Any pictures in the records below must be left out when you repeat the lines from the line containing "Protestant Church Nieuwland" through the line containing "-北京群众马术培训基地" exactly.
━━━ RECORDS SUPPLIED ━━━
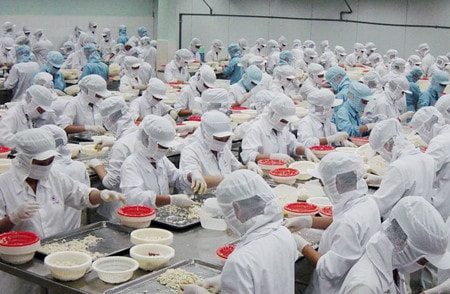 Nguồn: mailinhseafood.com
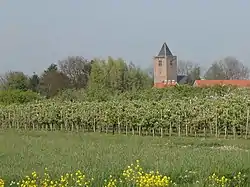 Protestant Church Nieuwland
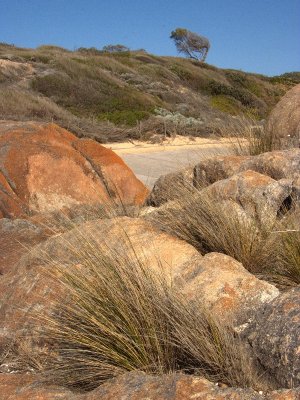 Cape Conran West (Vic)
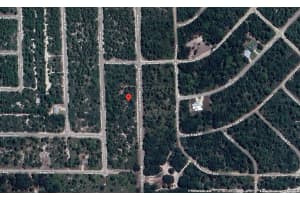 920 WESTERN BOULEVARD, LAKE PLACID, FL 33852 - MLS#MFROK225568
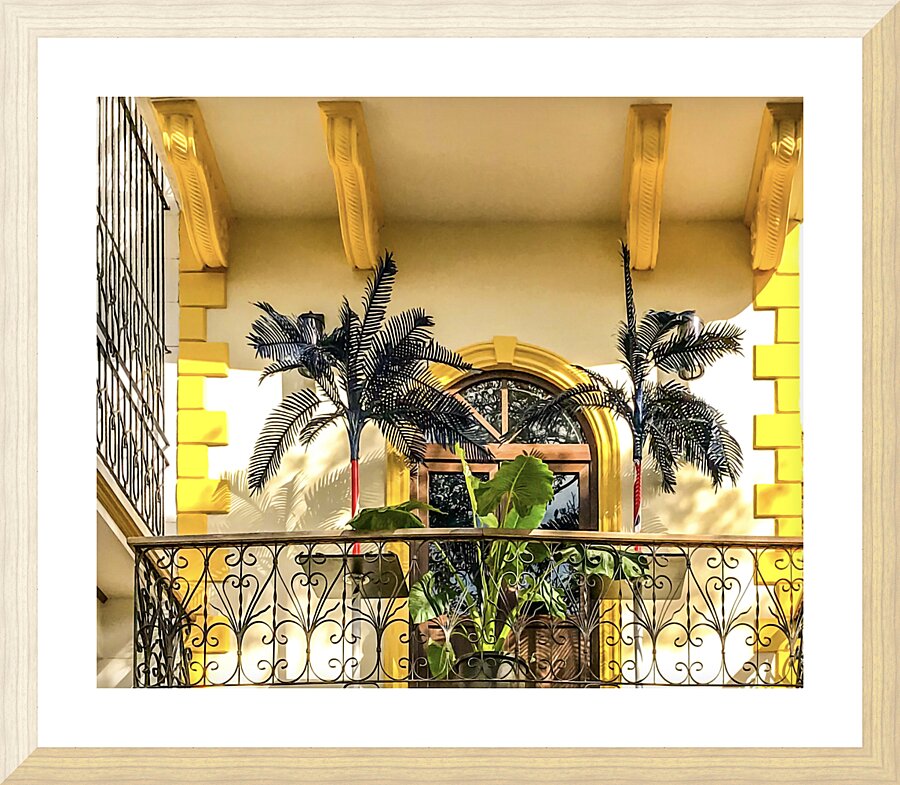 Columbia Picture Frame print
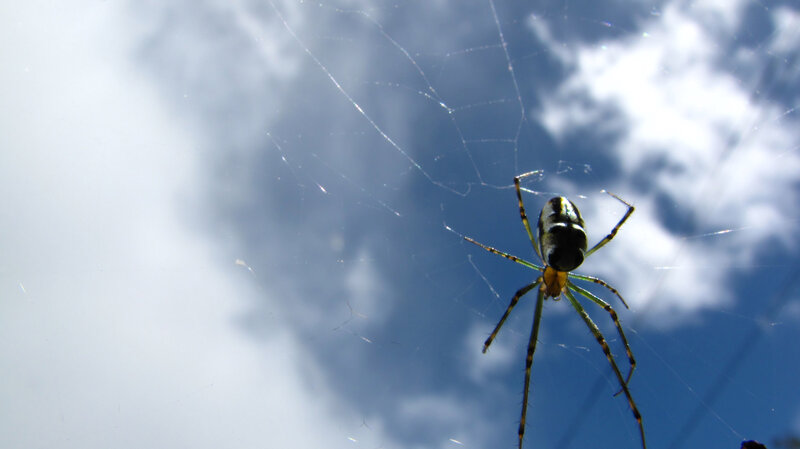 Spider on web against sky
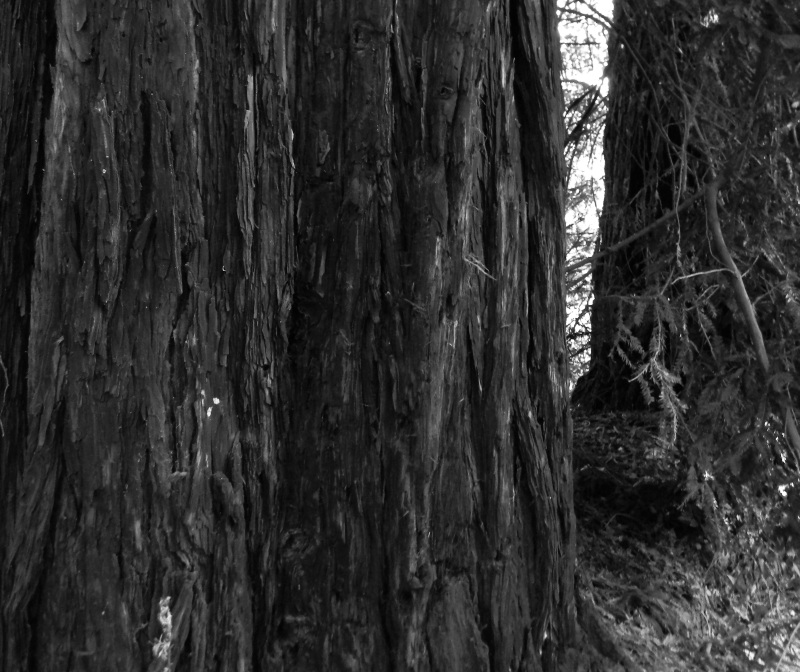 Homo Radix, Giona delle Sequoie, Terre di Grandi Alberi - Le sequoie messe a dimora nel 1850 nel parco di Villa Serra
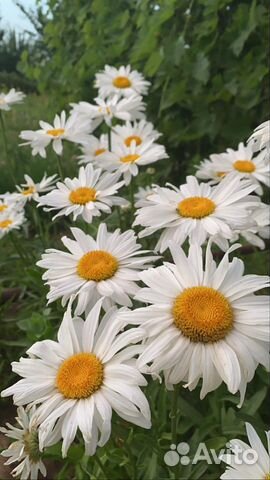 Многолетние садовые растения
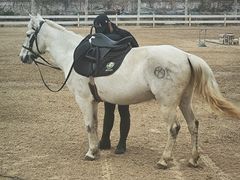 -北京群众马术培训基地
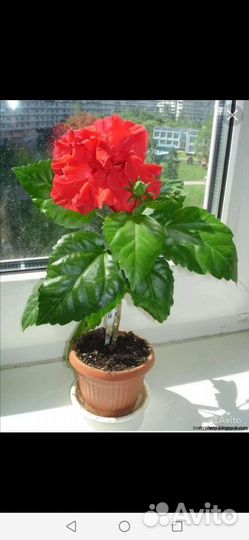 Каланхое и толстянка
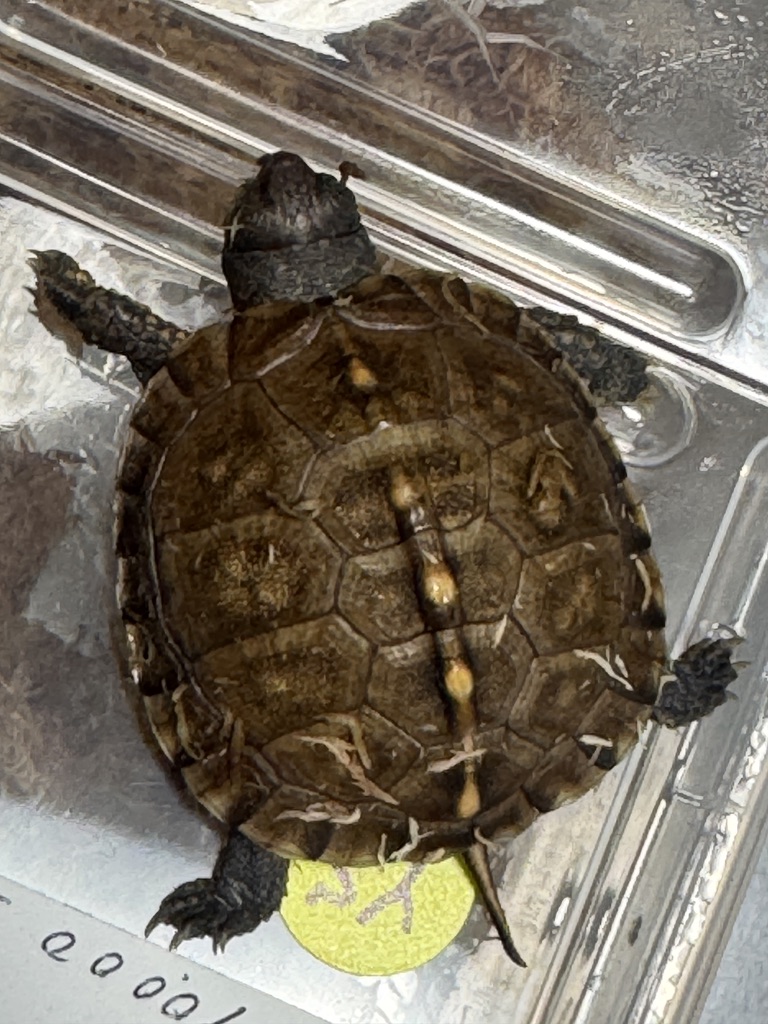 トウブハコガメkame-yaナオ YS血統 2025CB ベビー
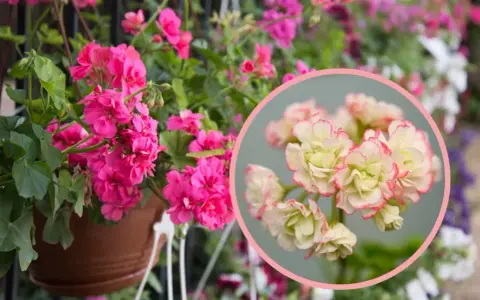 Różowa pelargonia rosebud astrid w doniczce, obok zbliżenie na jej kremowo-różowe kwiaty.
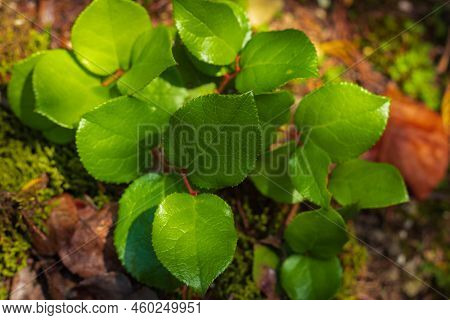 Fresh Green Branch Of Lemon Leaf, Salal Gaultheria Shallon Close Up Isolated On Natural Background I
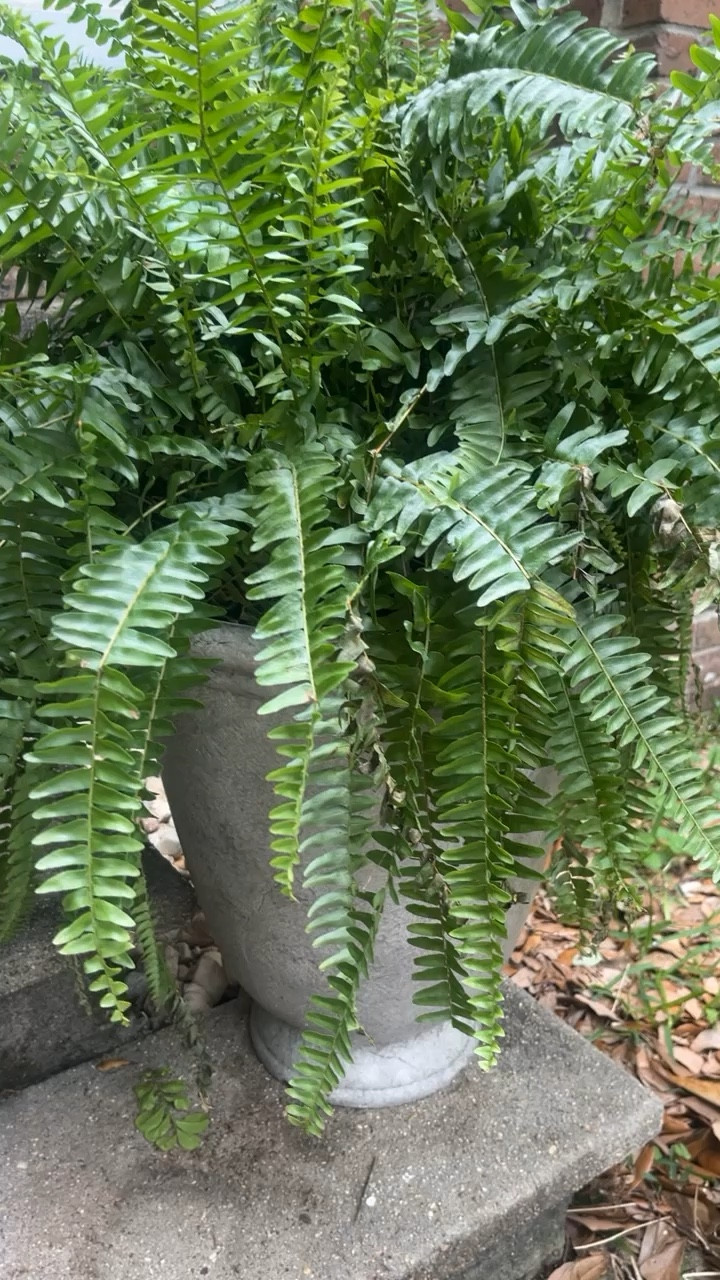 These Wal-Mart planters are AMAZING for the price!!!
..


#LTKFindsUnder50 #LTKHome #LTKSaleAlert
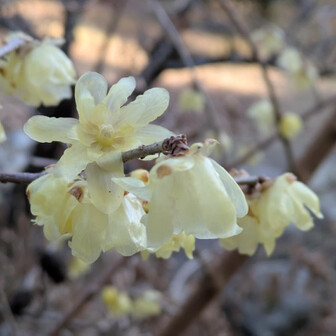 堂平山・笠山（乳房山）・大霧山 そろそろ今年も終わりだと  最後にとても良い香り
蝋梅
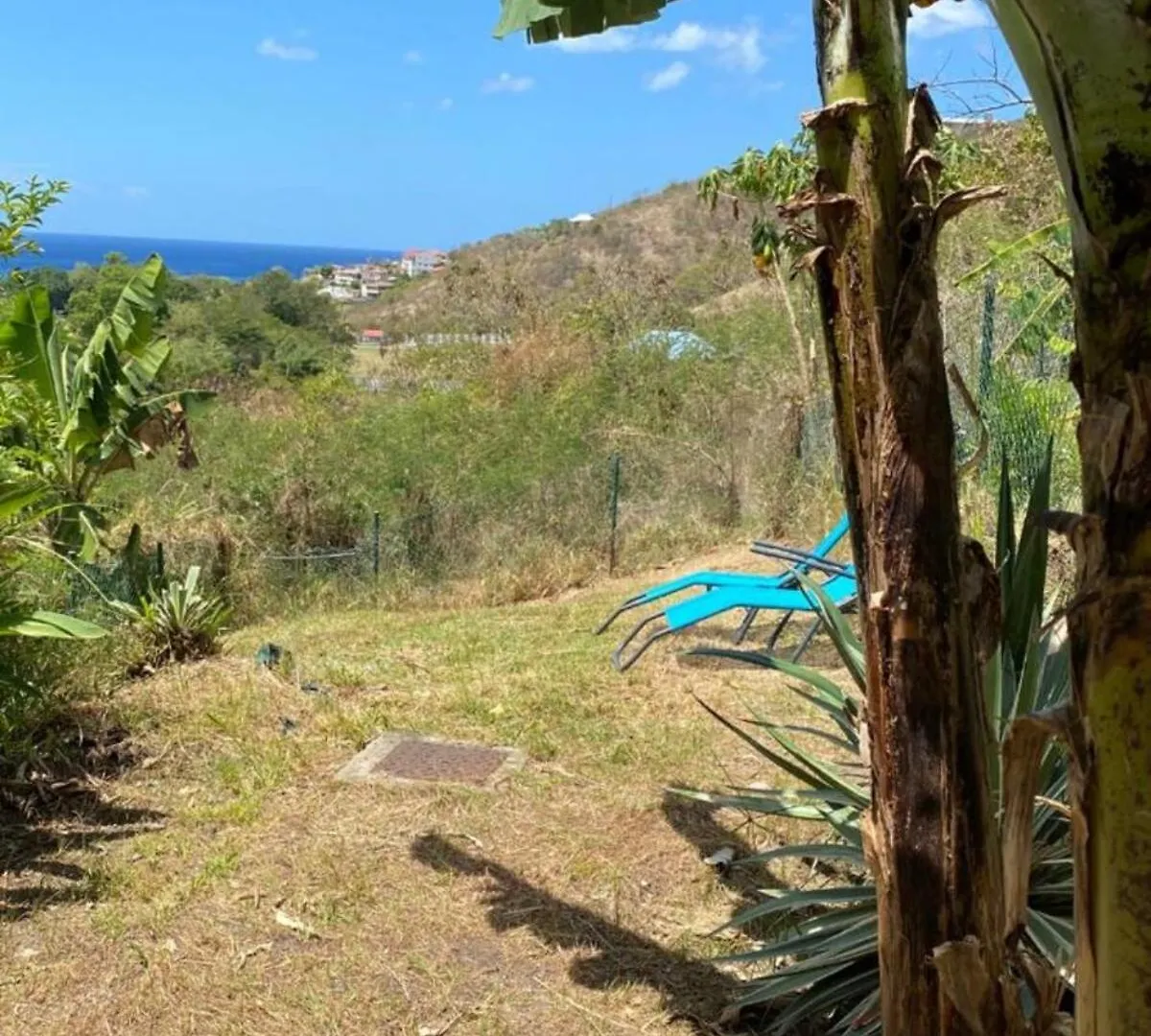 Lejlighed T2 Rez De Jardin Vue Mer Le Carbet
━━━
WRITTEN SOLUTION:
 Protestant Church Nieuwland
 Cape Conran West (Vic)
 920 WESTERN BOULEVARD, LAKE PLACID, FL 33852 - MLS#MFROK225568
 Columbia Picture Frame print
 Spider on web against sky
 Homo Radix, Giona delle Sequoie, Terre di Grandi Alberi - Le sequoie messe a dimora nel 1850 nel parco di Villa Serra
 Многолетние садовые растения
 -北京群众马术培训基地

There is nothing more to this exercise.